• EXERCISE GOAL:
Please reproduce the listing verbatim, without its images.

• STORED DATA:
☆ ☆ ☆ ☆
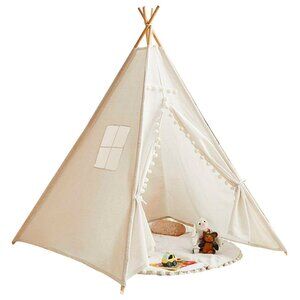 Large Foldable Kids Canvas Teepee Play Tent With Lights  ( White )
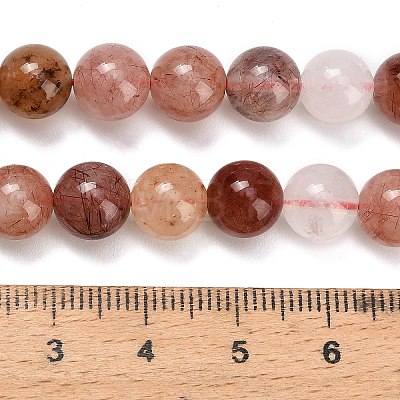 Natural Red Rutilated Quartz Beads Strands G-G300-A02-8mm-1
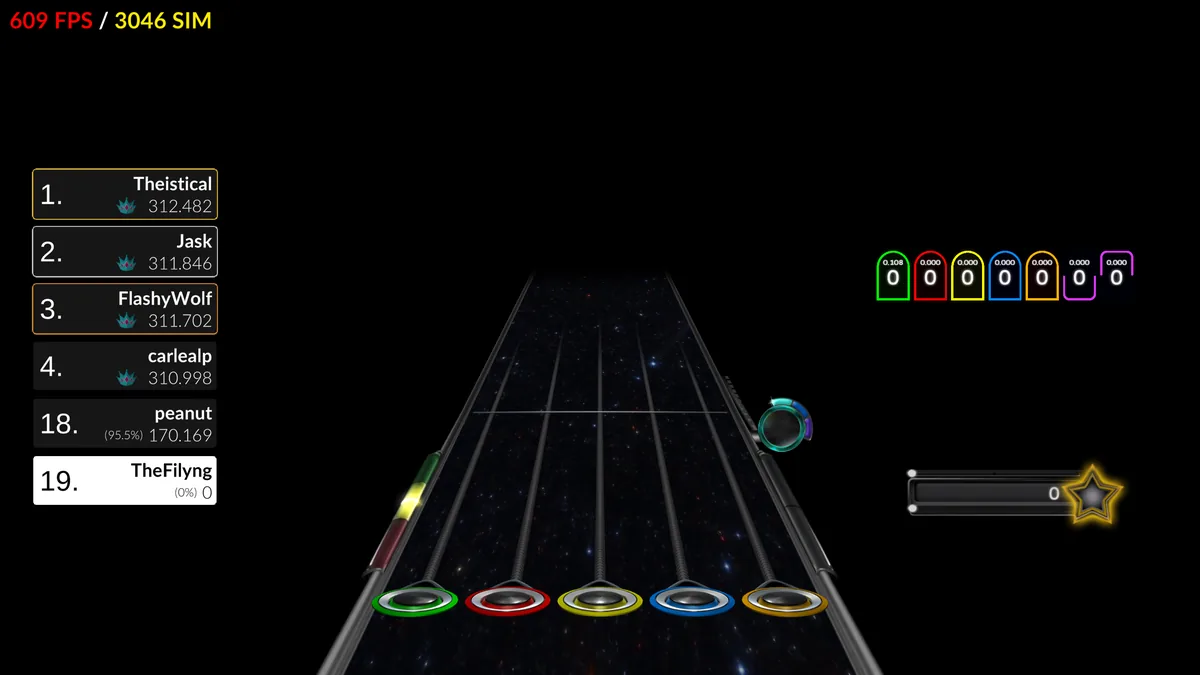 Official Clone Hero gameplay screenshot with a leaderboard overlay beside the note highway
☆ ☆ ☆ ☆
• ANSWER TO THIS TASK:
 Large Foldable Kids Canvas Teepee Play Tent With Lights  ( White )
 Natural Red Rutilated Quartz Beads Strands G-G300-A02-8mm-1
 Official Clone Hero gameplay screenshot with a leaderboard overlay beside the note highway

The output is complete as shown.